## [Exercise details]
Output the data below only from the line containing "屏幕截图 2024-08-15 102708.png" up to and including the line containing "10884 NW 5th St - Photo 2 of 8", exact and with the pictures left out.

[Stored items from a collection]
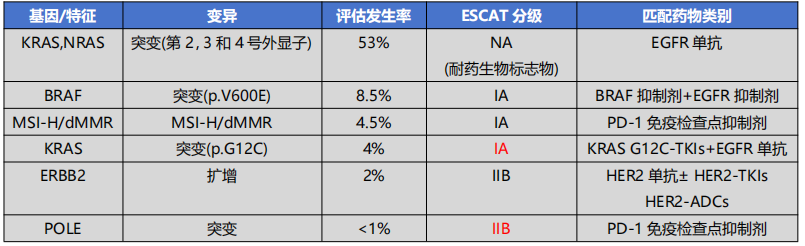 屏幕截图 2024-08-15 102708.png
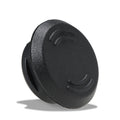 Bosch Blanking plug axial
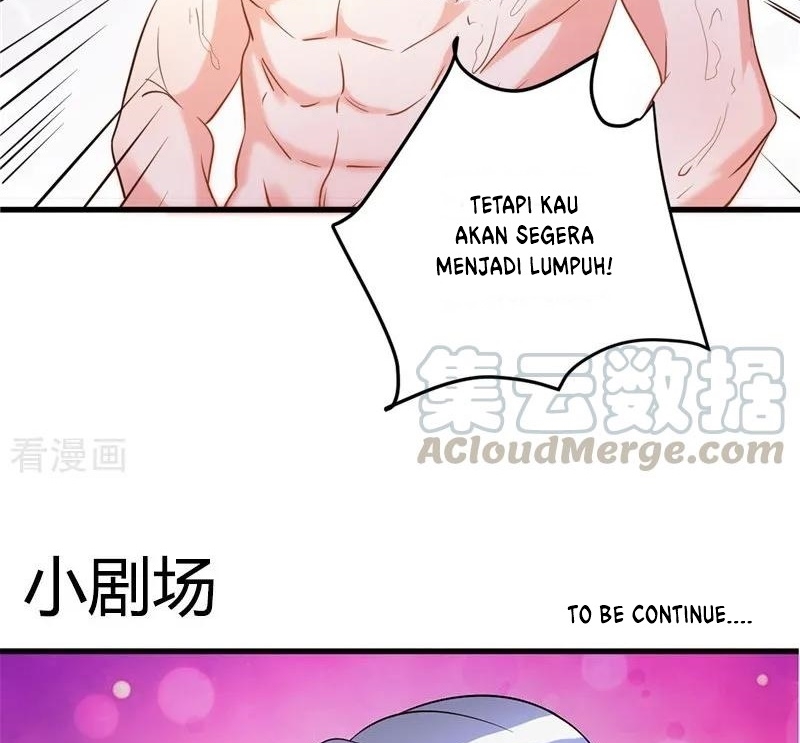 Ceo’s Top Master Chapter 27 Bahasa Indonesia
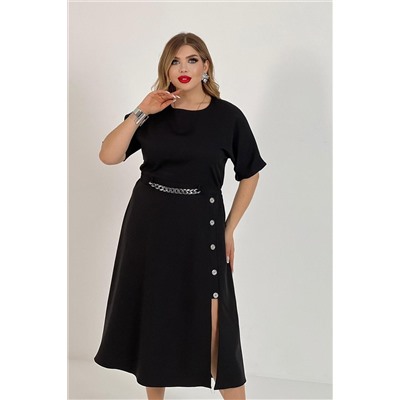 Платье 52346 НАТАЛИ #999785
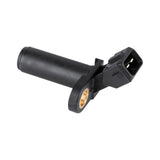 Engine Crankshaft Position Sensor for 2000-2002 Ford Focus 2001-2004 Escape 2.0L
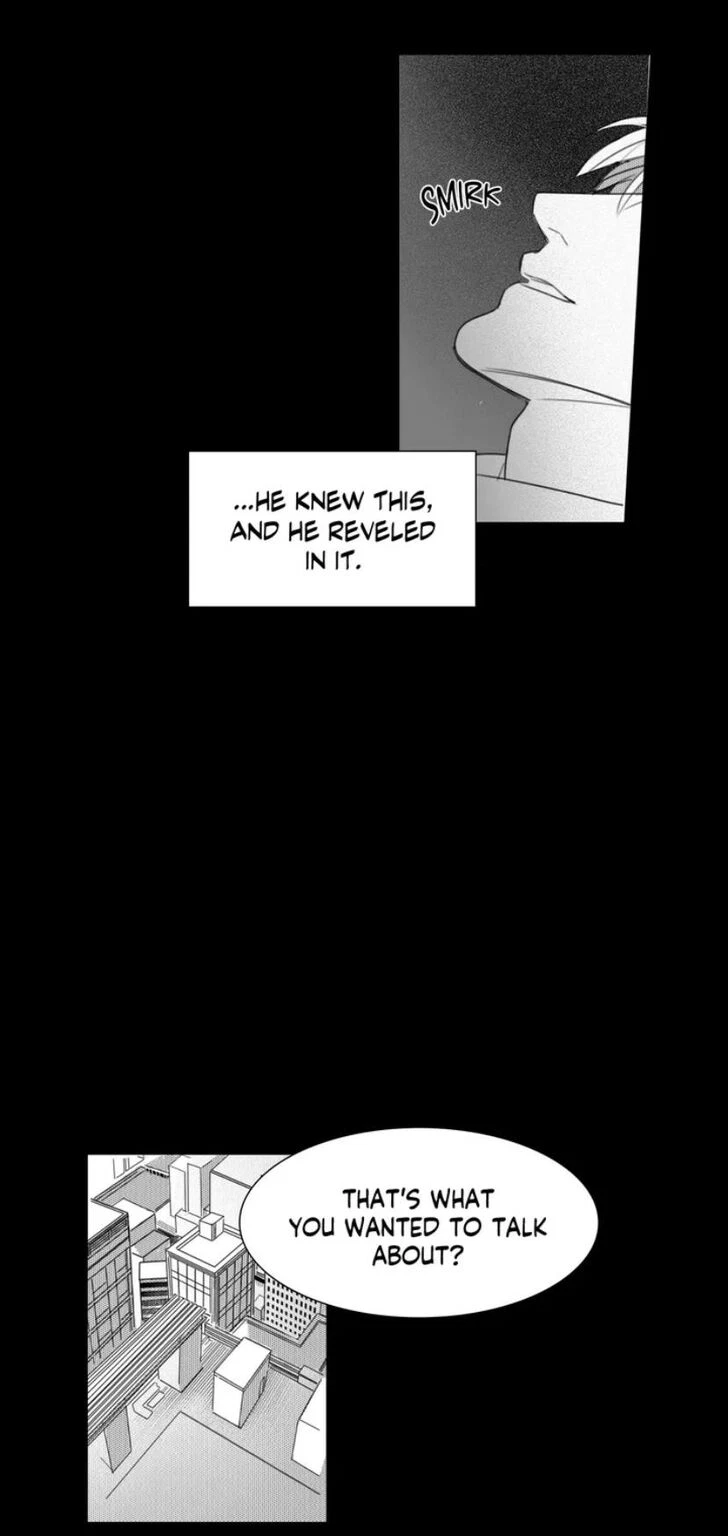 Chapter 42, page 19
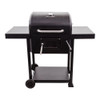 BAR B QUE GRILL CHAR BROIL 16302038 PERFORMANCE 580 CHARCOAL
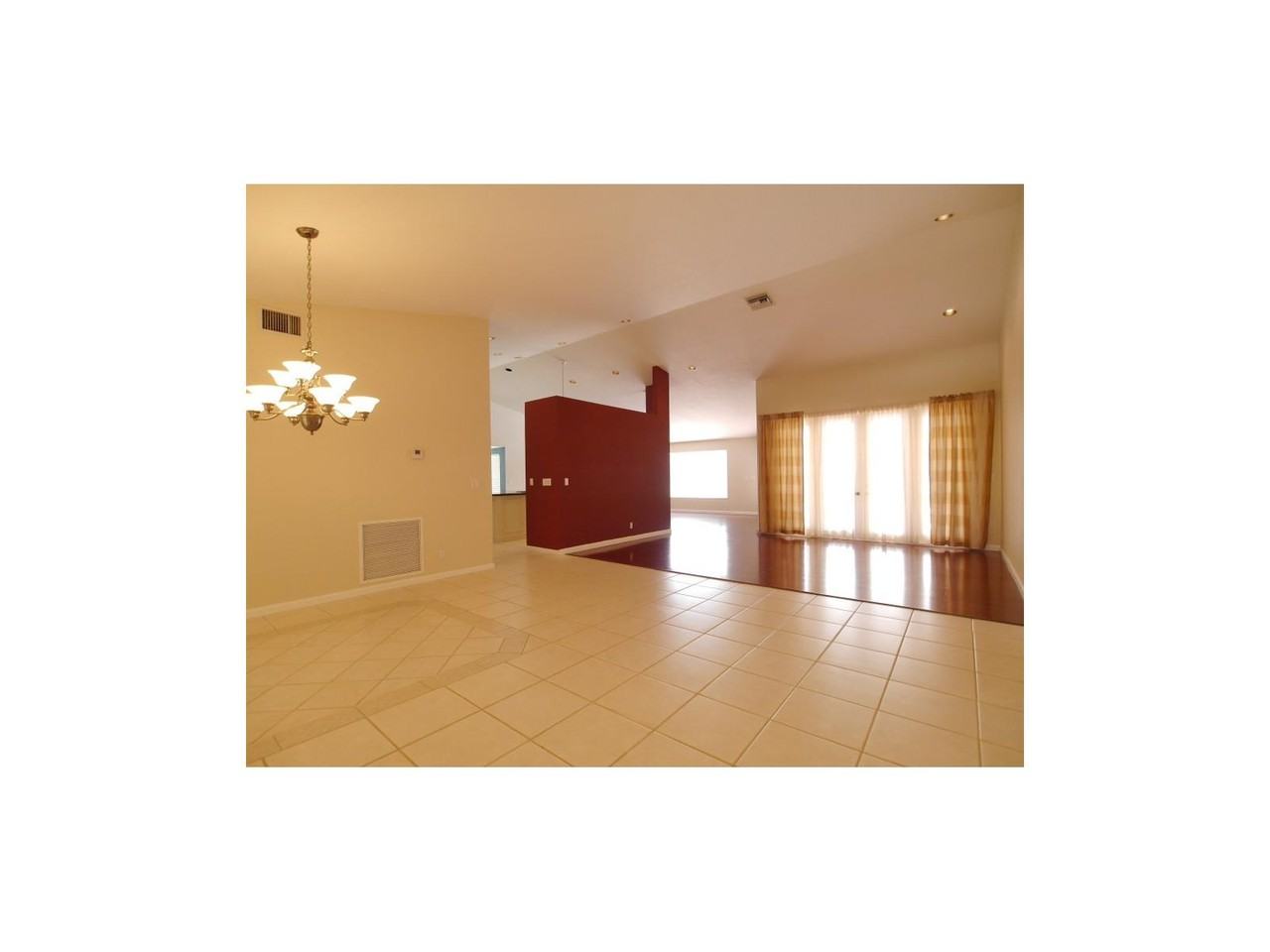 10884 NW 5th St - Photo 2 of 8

==

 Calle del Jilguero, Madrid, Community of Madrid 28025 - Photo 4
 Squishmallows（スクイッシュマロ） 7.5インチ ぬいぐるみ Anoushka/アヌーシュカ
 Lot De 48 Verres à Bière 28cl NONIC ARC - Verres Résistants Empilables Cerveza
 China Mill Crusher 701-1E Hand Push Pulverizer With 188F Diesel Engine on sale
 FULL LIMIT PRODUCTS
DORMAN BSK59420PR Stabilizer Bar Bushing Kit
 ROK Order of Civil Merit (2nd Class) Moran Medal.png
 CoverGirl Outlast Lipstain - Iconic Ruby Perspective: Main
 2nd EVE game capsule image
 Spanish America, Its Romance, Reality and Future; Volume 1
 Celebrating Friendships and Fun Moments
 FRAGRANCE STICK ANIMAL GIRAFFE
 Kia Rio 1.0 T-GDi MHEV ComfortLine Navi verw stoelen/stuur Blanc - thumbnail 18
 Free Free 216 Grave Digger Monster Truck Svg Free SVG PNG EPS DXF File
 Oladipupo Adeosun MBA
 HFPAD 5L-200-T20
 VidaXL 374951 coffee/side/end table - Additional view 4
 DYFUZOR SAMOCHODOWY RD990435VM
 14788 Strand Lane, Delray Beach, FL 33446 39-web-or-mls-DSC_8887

## [Result of the exercise]
 屏幕截图 2024-08-15 102708.png
 Bosch Blanking plug axial
 Ceo’s Top Master Chapter 27 Bahasa Indonesia
 Платье 52346 НАТАЛИ #999785
 Engine Crankshaft Position Sensor for 2000-2002 Ford Focus 2001-2004 Escape 2.0L
 Chapter 42, page 19
 BAR B QUE GRILL CHAR BROIL 16302038 PERFORMANCE 580 CHARCOAL
 10884 NW 5th St - Photo 2 of 8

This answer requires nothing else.